3.1.1. Packing into bytes .................................. 5
3.2. Compressed block format ................................... 6
3.2.1. Synopsis of prefix and Huffman coding ............... 6
3.2.2. Use of Huffman coding in the "deflate" format ....... 7
3.2.3. Details of block format ............................. 9
3.2.4. Non-compressed blocks (BTYPE=00) ................... 11
3.2.5. Compressed blocks (length and distance codes) ...... 11
3.2.6. Compression with fixed Huffman codes (BTYPE=01) .... 12
3.2.7. Compression with dynamic Huffman codes (BTYPE=10) .. 13
3.3. Compliance ............................................... 14
4. Compression algorithm details ................................. 14
5. References .................................................... 16
6. Security Considerations ....................................... 16
7. Source code ................................................... 16
8. Acknowledgements .............................................. 16
9. Author's Address .............................................. 17
1. Introduction
1.1. Purpose
The purpose of this specification is to define a lossless
compressed data format that:
* Is independent of CPU type, operating system, file system,
and character set, and hence can be used for interchange;
* Can be produced or consumed, even for an arbitrarily long
sequentially presented input data stream, using only an a
priori bounded amount of intermediate storage, and hence
can be used in data communications or similar structures
such as Unix filters;
* Compresses data with efficiency comparable to the best
currently available general-purpose compression methods,
and in particular considerably better than the "compress"
program;
* Can be implemented readily in a manner not covered by
patents, and hence can be practiced freely;
Deutsch Informational [Page 2]
RFC 1951 DEFLATE Compressed Data Format Specification May 1996
* Is compatible with the file format produced by the current
widely used gzip utility, in that conforming decompressors
will be able to read data produced by the existing gzip
compressor.
The data format defined by this specification does not attempt to:
* Allow random access to compressed data;
* Compress specialized data (e.g., raster graphics) as well
as the best currently available specialized algorithms.

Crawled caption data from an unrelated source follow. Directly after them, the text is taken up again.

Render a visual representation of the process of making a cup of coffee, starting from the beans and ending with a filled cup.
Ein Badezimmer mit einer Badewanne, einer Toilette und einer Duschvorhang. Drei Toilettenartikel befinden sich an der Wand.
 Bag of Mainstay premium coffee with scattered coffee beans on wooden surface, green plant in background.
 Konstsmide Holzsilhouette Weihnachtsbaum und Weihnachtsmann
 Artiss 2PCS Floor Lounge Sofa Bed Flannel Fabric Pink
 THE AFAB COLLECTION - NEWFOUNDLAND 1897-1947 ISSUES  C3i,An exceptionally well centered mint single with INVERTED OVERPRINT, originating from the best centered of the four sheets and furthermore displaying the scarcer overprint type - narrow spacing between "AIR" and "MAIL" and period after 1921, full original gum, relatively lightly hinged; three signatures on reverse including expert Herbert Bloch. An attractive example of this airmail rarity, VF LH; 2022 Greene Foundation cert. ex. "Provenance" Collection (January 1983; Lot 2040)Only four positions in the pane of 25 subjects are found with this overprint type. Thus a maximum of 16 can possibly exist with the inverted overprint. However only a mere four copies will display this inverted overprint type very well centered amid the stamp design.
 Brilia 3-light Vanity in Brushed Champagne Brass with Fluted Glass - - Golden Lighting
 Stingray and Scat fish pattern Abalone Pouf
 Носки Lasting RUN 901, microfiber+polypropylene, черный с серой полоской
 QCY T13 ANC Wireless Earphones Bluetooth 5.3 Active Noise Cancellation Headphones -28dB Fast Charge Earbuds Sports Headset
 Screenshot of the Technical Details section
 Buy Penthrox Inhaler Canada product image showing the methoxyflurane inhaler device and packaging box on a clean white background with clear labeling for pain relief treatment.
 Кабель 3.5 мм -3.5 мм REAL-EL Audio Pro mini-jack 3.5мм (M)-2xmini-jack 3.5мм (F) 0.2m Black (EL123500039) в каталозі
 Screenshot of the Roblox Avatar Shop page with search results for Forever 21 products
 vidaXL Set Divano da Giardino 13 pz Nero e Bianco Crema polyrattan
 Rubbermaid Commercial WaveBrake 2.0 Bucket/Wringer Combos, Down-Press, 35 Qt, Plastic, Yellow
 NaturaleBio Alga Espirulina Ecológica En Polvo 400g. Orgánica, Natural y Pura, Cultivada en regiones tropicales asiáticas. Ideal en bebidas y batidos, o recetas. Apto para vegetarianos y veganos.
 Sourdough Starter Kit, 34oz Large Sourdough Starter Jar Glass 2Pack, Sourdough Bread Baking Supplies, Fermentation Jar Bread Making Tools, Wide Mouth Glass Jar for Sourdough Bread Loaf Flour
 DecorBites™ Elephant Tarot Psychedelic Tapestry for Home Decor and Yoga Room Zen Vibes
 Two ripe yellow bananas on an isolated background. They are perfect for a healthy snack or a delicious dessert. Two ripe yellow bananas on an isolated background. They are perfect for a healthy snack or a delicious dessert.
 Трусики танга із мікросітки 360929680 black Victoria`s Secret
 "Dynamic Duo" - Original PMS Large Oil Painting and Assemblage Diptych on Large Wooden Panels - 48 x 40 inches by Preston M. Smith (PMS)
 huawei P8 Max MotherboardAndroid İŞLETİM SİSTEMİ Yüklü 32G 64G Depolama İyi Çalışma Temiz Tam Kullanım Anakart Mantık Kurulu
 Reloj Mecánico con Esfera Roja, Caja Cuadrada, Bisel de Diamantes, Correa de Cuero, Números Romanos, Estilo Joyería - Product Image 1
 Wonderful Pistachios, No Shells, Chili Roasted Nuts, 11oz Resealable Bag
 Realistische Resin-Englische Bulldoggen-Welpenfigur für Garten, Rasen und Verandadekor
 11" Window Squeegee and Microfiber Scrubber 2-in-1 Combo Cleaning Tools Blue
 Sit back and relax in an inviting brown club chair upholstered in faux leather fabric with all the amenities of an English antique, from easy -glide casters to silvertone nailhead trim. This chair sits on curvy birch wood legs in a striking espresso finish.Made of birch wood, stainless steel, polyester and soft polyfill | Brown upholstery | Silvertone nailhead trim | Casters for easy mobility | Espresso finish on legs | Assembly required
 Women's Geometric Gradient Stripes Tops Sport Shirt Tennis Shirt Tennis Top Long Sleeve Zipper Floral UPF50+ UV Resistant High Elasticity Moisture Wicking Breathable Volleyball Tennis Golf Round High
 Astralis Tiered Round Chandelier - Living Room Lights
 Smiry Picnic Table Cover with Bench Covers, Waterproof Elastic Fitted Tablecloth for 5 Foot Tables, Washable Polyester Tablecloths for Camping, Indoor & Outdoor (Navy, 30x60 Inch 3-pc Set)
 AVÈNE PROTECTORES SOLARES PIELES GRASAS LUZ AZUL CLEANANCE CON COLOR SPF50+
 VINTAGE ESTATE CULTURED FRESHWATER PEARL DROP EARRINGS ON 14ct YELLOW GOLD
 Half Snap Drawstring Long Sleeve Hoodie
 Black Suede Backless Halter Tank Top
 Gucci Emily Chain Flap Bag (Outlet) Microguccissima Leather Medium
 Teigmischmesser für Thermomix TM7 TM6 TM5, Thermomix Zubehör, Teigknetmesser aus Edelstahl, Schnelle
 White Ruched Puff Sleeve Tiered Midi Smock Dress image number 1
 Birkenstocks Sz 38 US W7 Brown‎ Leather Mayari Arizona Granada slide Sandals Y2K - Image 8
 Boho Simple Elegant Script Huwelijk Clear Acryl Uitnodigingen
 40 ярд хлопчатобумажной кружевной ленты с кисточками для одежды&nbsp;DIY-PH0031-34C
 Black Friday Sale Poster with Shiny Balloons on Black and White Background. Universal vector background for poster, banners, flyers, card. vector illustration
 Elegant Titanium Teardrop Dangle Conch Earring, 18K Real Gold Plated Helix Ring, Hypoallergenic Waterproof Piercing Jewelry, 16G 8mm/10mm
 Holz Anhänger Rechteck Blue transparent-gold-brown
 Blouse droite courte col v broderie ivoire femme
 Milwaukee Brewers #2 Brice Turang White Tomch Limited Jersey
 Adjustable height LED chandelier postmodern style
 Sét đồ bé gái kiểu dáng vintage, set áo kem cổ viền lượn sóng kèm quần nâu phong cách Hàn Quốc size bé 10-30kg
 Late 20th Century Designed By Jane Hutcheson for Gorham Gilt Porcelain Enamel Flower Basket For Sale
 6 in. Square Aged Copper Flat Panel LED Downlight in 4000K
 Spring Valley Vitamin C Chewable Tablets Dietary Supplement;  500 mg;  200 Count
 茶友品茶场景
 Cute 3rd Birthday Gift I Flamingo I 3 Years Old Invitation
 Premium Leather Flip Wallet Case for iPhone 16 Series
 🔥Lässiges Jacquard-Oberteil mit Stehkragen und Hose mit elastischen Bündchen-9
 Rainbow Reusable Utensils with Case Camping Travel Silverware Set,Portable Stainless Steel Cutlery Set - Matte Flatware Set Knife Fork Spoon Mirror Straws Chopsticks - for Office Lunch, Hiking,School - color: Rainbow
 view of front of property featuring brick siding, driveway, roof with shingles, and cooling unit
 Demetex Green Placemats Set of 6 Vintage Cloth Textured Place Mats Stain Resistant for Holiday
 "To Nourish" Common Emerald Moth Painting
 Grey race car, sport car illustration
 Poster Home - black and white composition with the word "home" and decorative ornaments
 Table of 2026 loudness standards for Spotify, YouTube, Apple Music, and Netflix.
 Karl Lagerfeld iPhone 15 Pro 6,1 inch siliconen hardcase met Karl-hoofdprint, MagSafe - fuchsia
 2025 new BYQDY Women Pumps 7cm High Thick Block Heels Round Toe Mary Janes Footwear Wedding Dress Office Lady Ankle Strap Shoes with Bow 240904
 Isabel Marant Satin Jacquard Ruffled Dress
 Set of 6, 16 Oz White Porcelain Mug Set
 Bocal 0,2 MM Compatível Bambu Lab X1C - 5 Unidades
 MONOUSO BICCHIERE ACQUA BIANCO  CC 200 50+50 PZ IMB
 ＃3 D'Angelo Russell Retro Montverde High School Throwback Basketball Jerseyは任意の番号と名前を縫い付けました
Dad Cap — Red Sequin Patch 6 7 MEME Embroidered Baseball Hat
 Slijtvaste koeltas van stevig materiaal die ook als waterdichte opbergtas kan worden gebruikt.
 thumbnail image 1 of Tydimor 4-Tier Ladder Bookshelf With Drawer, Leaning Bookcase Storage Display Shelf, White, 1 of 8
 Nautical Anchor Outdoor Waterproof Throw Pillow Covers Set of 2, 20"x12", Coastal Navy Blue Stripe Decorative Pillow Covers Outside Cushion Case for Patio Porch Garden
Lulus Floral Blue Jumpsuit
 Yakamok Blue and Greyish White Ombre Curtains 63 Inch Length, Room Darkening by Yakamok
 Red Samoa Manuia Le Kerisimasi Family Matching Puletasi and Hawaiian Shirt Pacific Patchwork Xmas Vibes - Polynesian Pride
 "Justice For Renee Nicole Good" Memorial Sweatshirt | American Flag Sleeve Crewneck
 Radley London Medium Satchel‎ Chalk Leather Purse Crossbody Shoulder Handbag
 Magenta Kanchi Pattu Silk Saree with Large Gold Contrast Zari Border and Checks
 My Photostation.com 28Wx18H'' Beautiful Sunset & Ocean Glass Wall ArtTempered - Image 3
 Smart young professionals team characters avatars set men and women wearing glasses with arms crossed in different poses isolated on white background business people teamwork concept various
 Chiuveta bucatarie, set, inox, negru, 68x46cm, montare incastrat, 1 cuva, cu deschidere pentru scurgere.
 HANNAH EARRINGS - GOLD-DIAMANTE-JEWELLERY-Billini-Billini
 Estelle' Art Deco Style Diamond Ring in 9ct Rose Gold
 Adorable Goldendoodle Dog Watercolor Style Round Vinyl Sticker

A simple counting argument shows that no lossless compression
algorithm can compress every possible input data set. For the
format defined here, the worst case expansion is 5 bytes per 32K-
byte block, i.e., a size increase of 0.015% for large data sets.
English text usually compresses by a factor of 2.5 to 3;
executable files usually compress somewhat less; graphical data
such as raster images may compress much more.
1.2. Intended audience
This specification is intended for use by implementors of software
to compress data into "deflate" format and/or decompress data from
"deflate" format.
The text of the specification assumes a basic background in
programming at the level of bits and other primitive data
representations. Familiarity with the technique of Huffman coding
is helpful but not required.
1.3. Scope
The specification specifies a method for representing a sequence
of bytes as a (usually shorter) sequence of bits, and a method for
packing the latter bit sequence into bytes.
1.4. Compliance
Unless otherwise indicated below, a compliant decompressor must be
able to accept and decompress any data set that conforms to all
the specifications presented here; a compliant compressor must
produce data sets that conform to all the specifications presented
here.
1.5. Definitions of terms and conventions used
Byte: 8 bits stored or transmitted as a unit (same as an octet).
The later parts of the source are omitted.